Lopetegui war bis zuletzt Nationaltrainer von Spanien und das durchaus erfolgreich. Ungeschlagen marschierte Spanien durch die Qualifikation, ließ dabei sogar Italien hinter sich. Nun der Wechsel – eigentlich nach der WM – zu Real Madrid. Der spanische Verband fühlt sich betrogen und entlässt Lopetegui mit sofortiger Wirkung.

Das Medienecho ist, natürlich, gewaltig: Die Zeitung El Mundo Deportivo hetzt aber nicht gegen den spanischen Verband, sondern gegen Real Madrid: „Schuld ist Real. Es ist eine Aggression von Real Madrid gegen die Nationalmannschaft. Die Entlassung seitens von Verbandschef Luis Rubiales ist verdient. Lopetegui hat im Rücken des Verbands mit Real verhandelt. Der König ist tot. Es lebe der König.“

Doch warum eigentlich dieser Ärger? War es überhaupt das Können Lopeteguis, das Spanien diese WM-Teilnahme ermöglichte? Oder schlicht Routine? Die weiteren Quali-Gegner waren unter anderem Mazedonien, Liechtenstein oder Israel – selbst für einen Loris Karius keine Herkulesaufgabe. Zumal in Spaniens Auswahl immer noch ein großer Teil der „Goldenen Generation“ steckt, die zwischen 2008 und 2012 alles zerlegte, was nicht rechtzeitig acht Mann in die Abwehr stellte. Insbesondere das eingespielte Innenverteidiger Duo Piqué/Ramos sorgt für eine Stabilität, wie sie jeder Nationaltrainer gerne hätte.

Ob jetzt der neue Nationaltrainer ein Greenkeeper aus Bietingheim-Bissingen wird oder die neue Idealbesetzung Fernando Hierro – über den die spanische Sportzeitschrift ASschreibt: „Wichtig ist, dass die Fußballer das Feuer aufrecht halten über die Krise hinweg. Die Spieler sind diejenigen, die die Spiele gewinnen müssen. Hierro verdient eine Chance, aber der Druck ist jetzt immens für ihn“ – Spaniens Mannschaft wird es nicht sonderlich verändern.

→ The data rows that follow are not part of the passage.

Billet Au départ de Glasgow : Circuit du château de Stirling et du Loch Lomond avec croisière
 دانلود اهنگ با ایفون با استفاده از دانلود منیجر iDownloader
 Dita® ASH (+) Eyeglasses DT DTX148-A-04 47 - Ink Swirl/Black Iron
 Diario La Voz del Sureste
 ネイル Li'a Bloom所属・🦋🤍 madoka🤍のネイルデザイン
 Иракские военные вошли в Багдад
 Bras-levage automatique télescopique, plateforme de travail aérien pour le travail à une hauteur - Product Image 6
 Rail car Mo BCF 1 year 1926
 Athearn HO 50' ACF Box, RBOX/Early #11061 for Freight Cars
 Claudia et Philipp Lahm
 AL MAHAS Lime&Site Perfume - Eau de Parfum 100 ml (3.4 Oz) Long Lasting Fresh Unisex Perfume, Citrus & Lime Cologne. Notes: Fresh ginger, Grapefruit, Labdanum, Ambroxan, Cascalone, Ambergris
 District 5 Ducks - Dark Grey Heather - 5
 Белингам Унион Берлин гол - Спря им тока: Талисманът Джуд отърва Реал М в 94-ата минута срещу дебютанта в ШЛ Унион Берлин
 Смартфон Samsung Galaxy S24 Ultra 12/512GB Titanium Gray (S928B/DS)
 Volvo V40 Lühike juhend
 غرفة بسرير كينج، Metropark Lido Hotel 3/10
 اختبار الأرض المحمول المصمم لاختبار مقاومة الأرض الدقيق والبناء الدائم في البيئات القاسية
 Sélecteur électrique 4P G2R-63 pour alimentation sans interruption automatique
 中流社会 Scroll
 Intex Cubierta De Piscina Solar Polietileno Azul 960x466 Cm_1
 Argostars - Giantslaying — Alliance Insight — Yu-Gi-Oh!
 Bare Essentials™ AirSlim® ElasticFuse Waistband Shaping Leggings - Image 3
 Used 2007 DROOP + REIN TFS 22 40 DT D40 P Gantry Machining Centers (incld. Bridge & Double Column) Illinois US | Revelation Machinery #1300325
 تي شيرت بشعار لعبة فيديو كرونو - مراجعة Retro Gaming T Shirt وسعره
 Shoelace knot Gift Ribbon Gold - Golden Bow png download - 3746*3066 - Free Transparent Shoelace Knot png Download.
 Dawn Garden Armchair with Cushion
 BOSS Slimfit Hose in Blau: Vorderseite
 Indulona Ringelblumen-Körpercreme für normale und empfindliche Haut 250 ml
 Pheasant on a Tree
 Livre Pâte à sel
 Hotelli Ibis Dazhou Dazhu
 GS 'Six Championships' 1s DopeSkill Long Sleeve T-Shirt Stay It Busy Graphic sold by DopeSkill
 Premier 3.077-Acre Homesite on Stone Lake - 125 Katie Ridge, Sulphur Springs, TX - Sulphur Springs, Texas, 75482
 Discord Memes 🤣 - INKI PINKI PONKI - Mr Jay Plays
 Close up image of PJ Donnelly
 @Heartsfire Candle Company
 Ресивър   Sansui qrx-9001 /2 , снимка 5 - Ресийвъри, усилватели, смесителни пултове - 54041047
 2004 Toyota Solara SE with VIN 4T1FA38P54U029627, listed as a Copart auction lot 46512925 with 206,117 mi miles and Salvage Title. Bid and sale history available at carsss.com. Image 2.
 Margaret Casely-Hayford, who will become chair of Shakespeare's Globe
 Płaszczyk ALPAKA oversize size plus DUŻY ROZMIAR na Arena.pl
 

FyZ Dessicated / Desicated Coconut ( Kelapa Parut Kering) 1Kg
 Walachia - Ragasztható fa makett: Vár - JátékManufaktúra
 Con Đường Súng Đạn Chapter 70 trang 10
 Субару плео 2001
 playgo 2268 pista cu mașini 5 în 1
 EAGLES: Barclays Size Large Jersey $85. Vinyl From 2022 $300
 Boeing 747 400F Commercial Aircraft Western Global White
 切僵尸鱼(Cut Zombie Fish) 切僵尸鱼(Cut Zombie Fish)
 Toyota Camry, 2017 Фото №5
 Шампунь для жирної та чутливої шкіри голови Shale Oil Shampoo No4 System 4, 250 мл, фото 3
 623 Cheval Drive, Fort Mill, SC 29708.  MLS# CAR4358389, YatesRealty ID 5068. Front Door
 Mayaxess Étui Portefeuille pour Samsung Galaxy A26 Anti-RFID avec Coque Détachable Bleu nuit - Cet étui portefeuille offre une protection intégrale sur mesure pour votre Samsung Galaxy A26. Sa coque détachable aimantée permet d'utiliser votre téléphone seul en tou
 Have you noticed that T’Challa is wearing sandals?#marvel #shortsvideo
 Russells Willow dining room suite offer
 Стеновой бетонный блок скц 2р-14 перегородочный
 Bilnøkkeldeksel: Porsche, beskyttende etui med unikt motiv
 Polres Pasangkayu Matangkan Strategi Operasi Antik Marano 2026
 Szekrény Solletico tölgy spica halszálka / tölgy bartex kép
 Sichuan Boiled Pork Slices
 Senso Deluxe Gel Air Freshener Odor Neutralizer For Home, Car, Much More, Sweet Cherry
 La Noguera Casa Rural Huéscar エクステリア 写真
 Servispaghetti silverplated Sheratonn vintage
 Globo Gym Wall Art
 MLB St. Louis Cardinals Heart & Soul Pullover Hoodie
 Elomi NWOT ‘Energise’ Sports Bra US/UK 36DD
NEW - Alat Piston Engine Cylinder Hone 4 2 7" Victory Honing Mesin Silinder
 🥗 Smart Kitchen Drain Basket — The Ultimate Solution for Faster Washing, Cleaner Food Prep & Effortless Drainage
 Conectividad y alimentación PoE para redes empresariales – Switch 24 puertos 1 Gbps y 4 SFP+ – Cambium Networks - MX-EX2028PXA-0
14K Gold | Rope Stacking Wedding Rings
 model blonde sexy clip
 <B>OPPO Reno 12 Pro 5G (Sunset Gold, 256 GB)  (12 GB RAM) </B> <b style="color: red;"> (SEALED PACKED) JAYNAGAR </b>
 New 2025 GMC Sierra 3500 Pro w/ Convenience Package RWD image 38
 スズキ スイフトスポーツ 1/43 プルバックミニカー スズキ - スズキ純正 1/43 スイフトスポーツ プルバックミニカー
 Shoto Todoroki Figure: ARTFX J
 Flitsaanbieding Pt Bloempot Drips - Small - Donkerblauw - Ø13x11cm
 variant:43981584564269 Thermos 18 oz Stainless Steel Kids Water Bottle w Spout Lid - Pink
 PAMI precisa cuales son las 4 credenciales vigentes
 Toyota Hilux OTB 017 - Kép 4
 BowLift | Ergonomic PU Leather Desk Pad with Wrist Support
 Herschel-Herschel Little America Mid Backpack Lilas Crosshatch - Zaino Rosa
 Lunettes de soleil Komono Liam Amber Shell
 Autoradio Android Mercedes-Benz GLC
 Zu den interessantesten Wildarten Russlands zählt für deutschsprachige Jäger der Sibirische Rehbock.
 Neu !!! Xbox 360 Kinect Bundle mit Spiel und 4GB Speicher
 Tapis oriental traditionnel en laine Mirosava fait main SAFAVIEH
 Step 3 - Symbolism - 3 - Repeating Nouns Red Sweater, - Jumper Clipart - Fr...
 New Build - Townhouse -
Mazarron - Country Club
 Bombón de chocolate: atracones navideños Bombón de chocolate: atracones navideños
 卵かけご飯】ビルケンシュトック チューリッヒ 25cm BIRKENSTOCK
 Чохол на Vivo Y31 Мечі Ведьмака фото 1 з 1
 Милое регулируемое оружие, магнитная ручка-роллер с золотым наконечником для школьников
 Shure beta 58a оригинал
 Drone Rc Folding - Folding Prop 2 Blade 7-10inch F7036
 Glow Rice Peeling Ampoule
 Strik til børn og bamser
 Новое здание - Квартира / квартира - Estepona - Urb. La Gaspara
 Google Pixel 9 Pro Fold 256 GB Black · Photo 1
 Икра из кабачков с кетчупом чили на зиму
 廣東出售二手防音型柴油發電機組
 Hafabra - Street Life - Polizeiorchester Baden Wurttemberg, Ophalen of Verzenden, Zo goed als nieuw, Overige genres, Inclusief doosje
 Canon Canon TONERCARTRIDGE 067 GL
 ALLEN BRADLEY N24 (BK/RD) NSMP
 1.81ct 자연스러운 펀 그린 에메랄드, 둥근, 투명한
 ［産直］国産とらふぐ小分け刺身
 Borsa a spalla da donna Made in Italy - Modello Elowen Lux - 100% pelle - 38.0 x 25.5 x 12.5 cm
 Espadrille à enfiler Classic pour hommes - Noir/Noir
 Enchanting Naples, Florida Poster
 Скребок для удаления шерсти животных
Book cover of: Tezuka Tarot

Allein der Barcelona-Block bekommt fast jährlich (zuletzt Ernesto Valverde) einen recht unerfahrenen Vereinstrainer gestellt – und gewinnt dennoch souverän die Meisterschaft. Zu groß ist die Erfahrung im Team, zu groß die Qualität – und zu gering die Einführungszeit für eine andere Taktik; Spaniens erstes Spiel steigt bereits am Freitag gegen den amtierenden Europameister Portugal.

Ein Abwehrspieler wie Sergio Ramos ist ein Leader auf dem Spielfeld, einer, der für seine Mannschaft töten würde – egal unter welchem Trainer und bei welcher Taktik. Mit Lopetegui ist kein Kapitän von Bord gegangen, sondern lediglich ein Matrose.